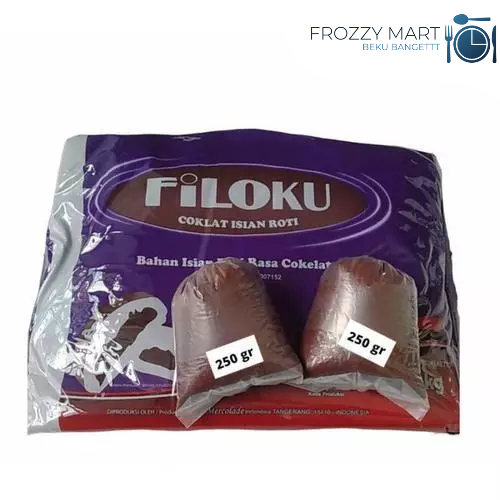 

FILO Selai Coklat 250gr Repack | Topping Roti & Isian Kue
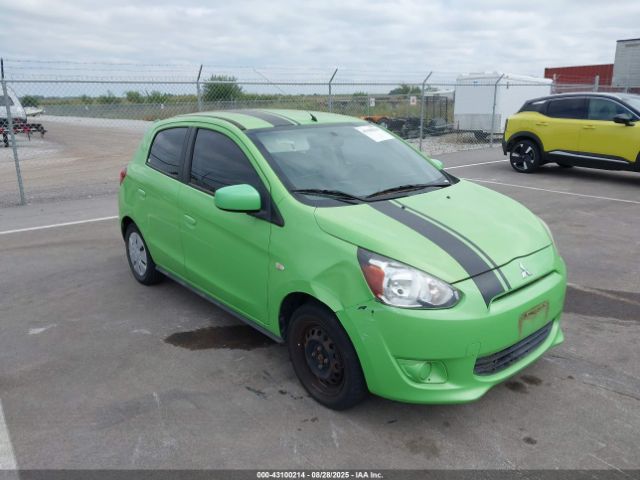 2014 MITSUBISHI MIRAGE ML32A3HJ5EH024066 Photo 0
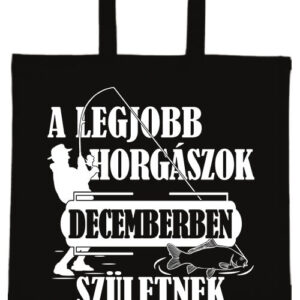 Decemberi horgászok- Basic rövid fülű táska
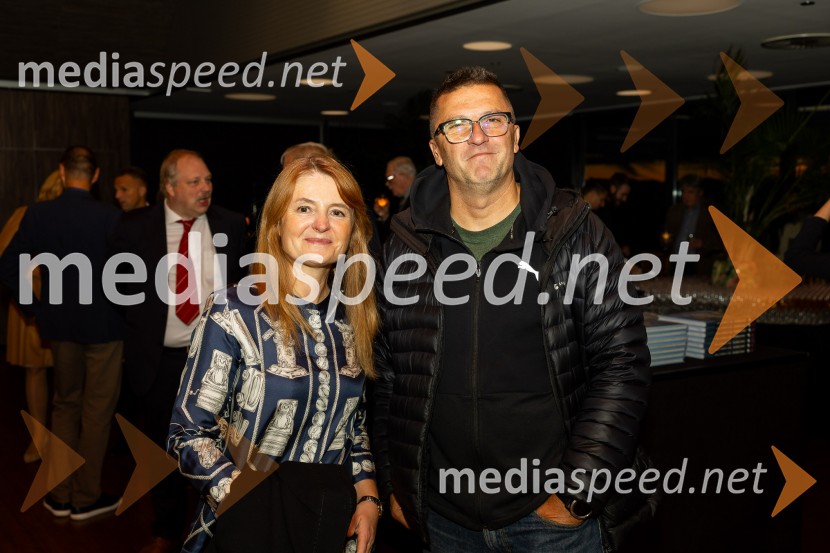 mag. Mateja Jesenek, predsednica uprave Skupine Mladinska knjiga;  ... Cankarjeva založba praznovala 80 let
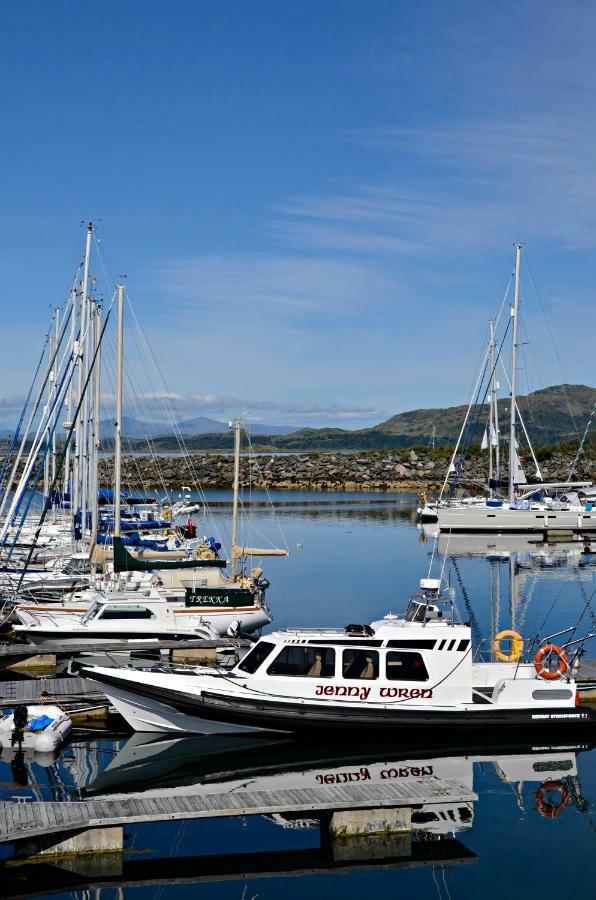 Craobh Marina Cottages Craobh Haven Exterior foto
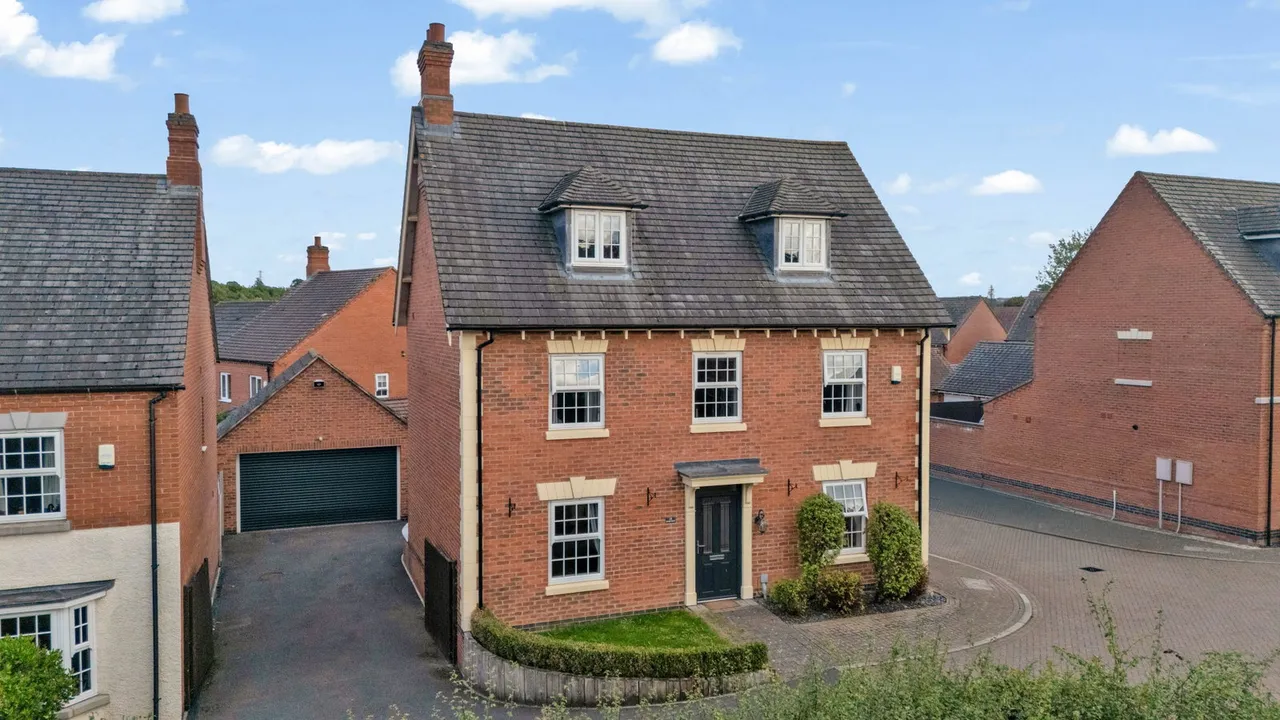 5 bed house for sale, Earp Way, Melbourne, DE73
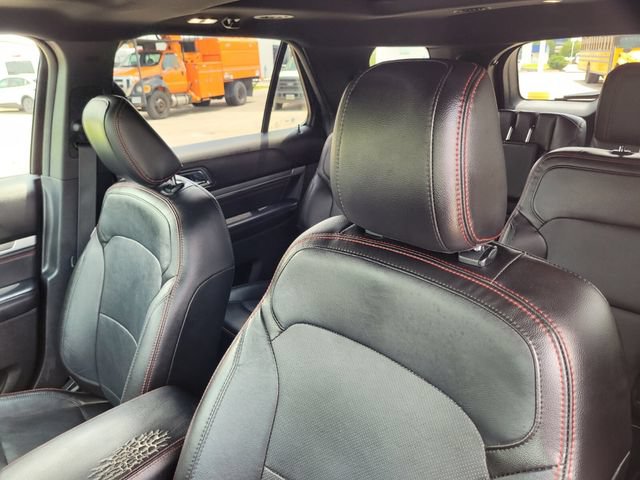 Certified 2018 Ford Explorer Sport w/ Equipment Group 401A AWD/4WD image 20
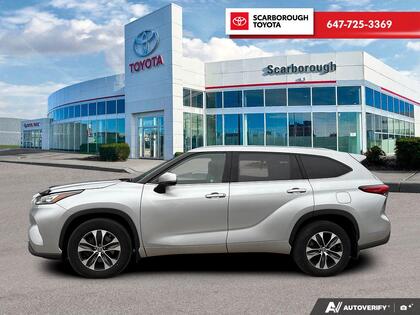 used 2020 Toyota Highlander car, priced at $32,995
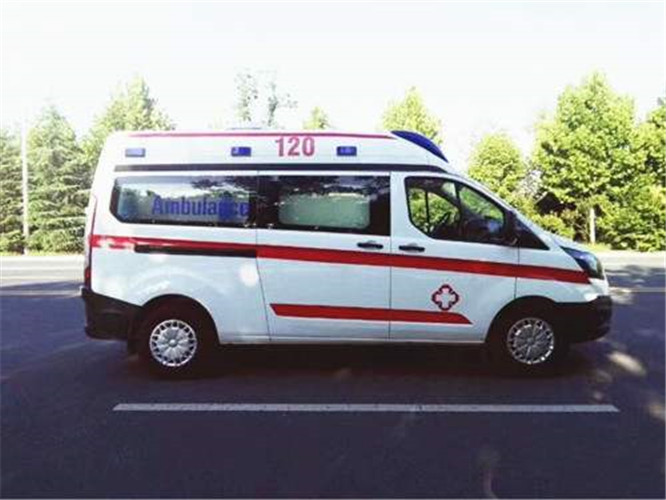 石龙救护车出租服务案例6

—————

- _Exercise goal_
Retype word for word the span of lines above that begins with the line containing "used 2020 Toyota" and ends with the last line of the records; skip all pictures.

- _Response_
 used 2020 Toyota Highlander car, priced at $32,995
 石龙救护车出租服务案例6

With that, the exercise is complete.